■ **Your goal**
An exact transcript is required of the lines below, from the one containing "This is the master" through the very last; leave every picture out of it.

(Stored data entries)
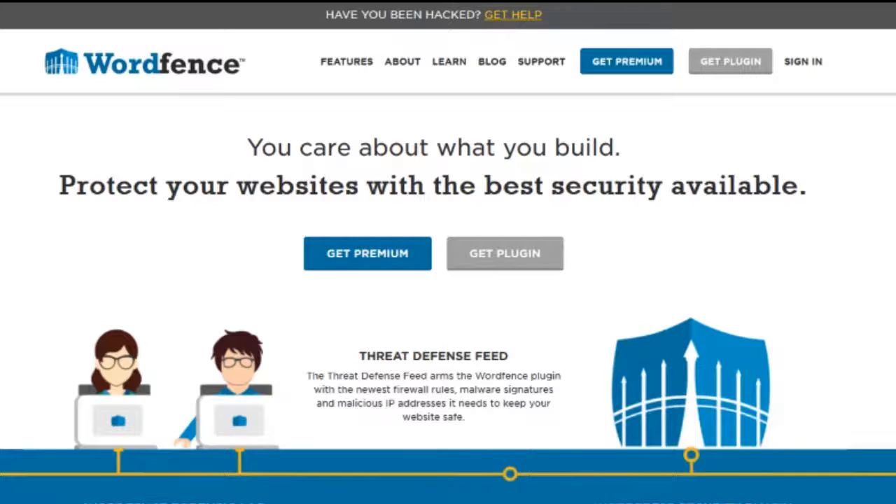This is the preventive care, guys — get Wordfence and install it. It's completely free. There's a premium version with a lot of other cool features, but the core plugin is completely free. You can download it from the WordPress plugin area or from their website at wordfence.com. Install it now so you don't get hacked and don't have security issues.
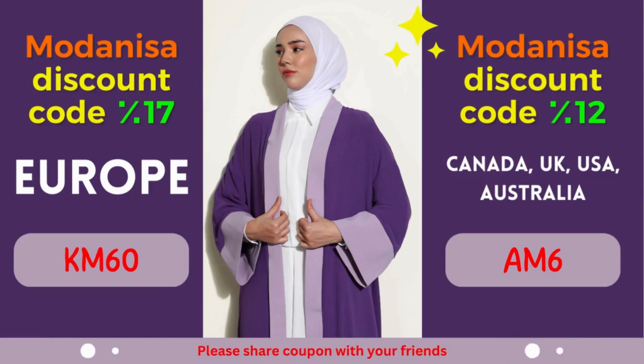Modonisa Coupon 2: 12% off for Canada, United Kingdom, USA, and Australia. Calling all fashionistas from Canada, United Kingdom, USA, and Australia — prepare to be enthralled by an amazing offer from Modonisa. Enjoy a fantastic discount of 12% on your purchases, allowing you to indulge in the latest fashion trends without compromising your budget.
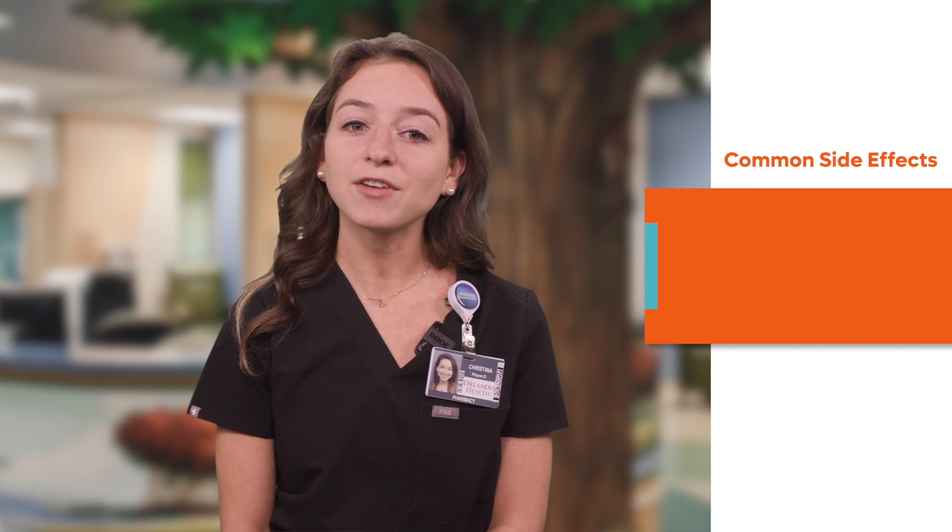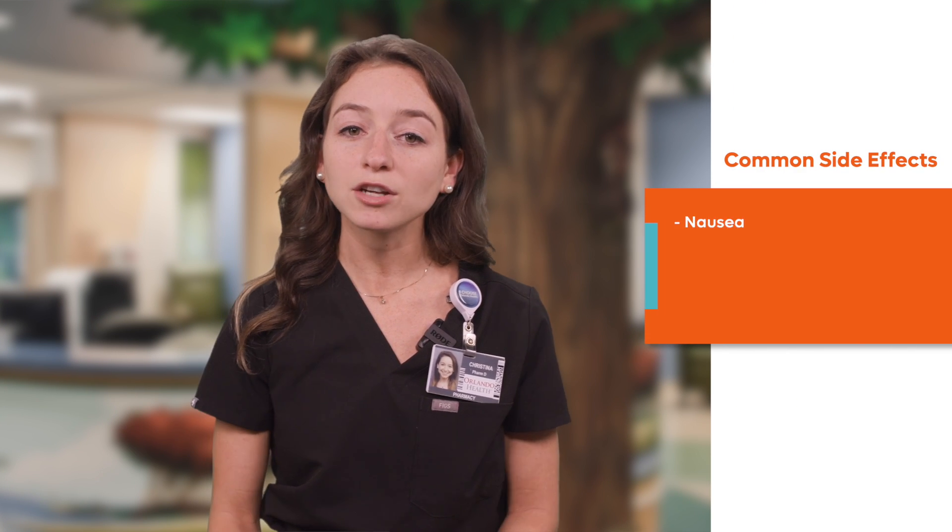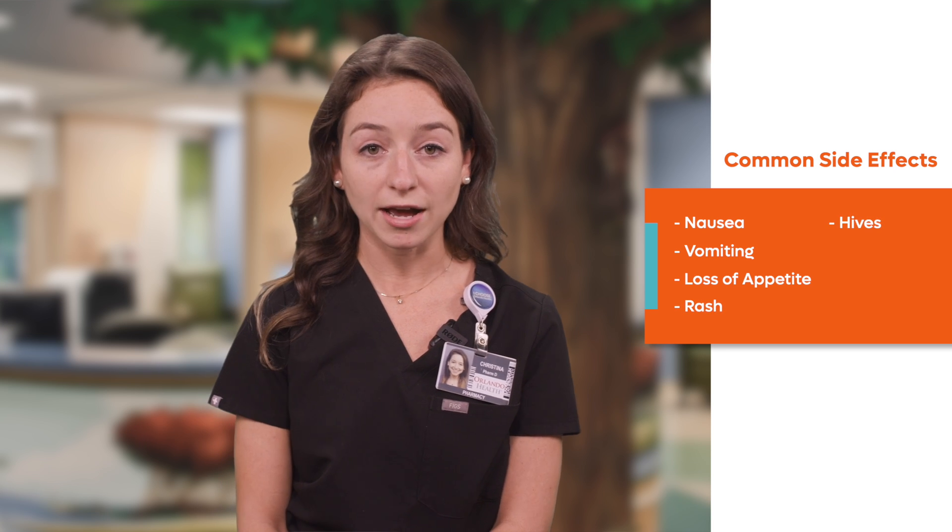The most common side effects for this medication include nausea, vomiting, loss of appetite, rash, or hives.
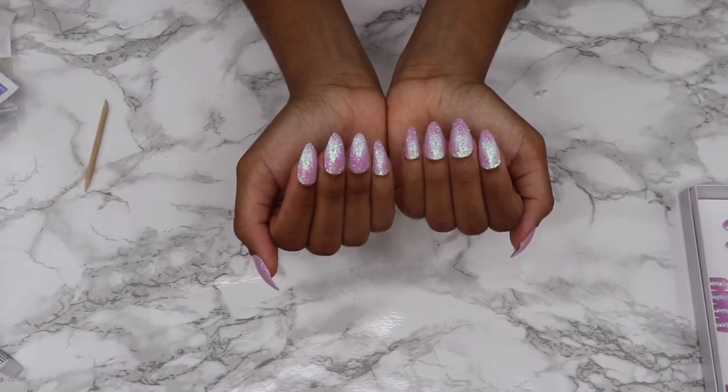And this is what my nails look like when they are complete. I just finished my nails — this is how they came out. I hope you guys liked today's video. I'm going to leave all the products and everything that I used in the description box below. If you like this video, make sure you like, comment, share, and subscribe. See y'all in the next one.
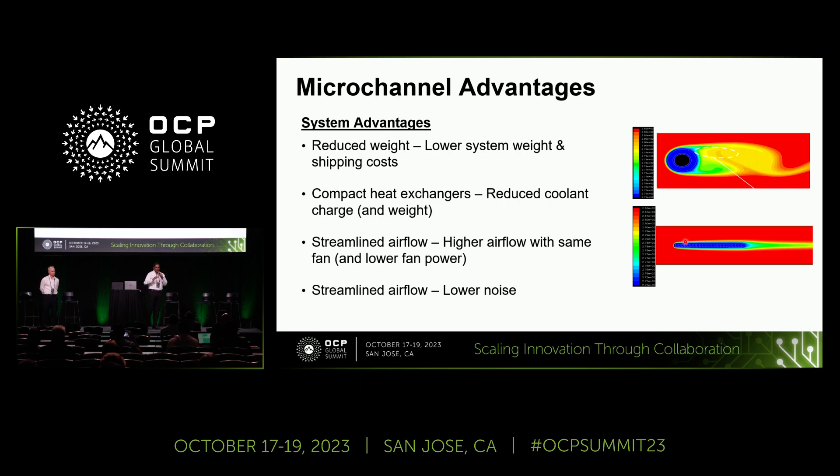At the system level, when you use microchannel you have reduced weight on the heat exchanger, which means lower system weight. It also has a lower internal volume, which means less fluid used. Due to the streamlined airflow, you get higher airflow with the same fan power — or, keeping the same fan power, you can increase the airflow to reduce the inlet temperature difference, or approach temperature. The streamlined airflow also results in lower noise in the system.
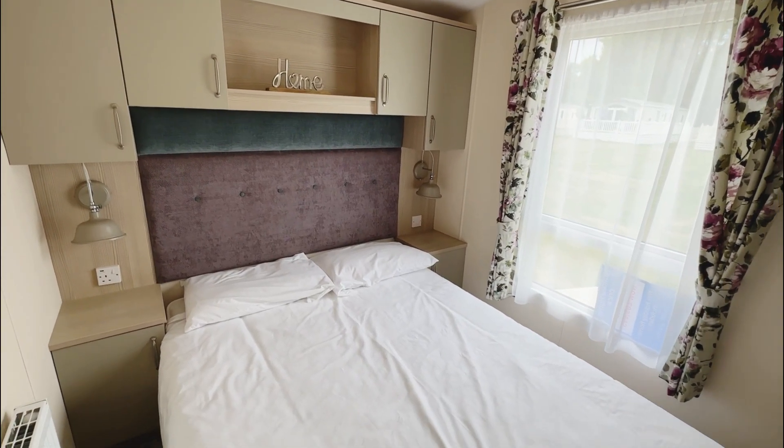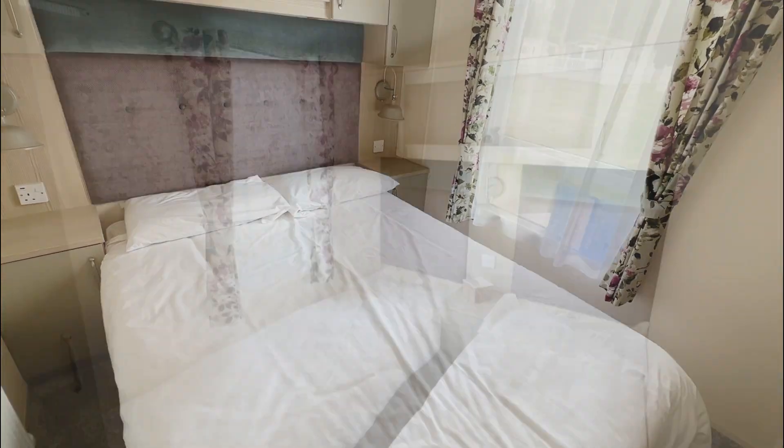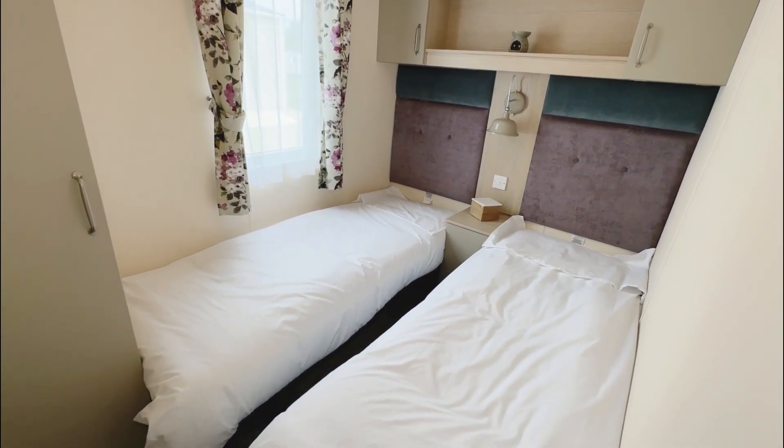This is the master bedroom which also offers an ensuite. This is a three bedroom unit that offers two twin rooms.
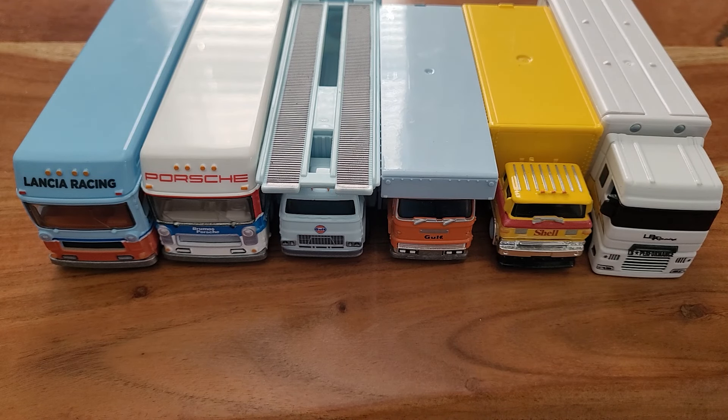Hey guys, we're back in here for another video. Who is the prettiest? Which one of these car transport vehicles is the prettiest? Let's take a look at each one individually and let's come to a decision.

■ **Output below**
This is the master bedroom which also offers an ensuite. This is a three bedroom unit that offers two twin rooms.
Hey guys, we're back in here for another video. Who is the prettiest? Which one of these car transport vehicles is the prettiest? Let's take a look at each one individually and let's come to a decision.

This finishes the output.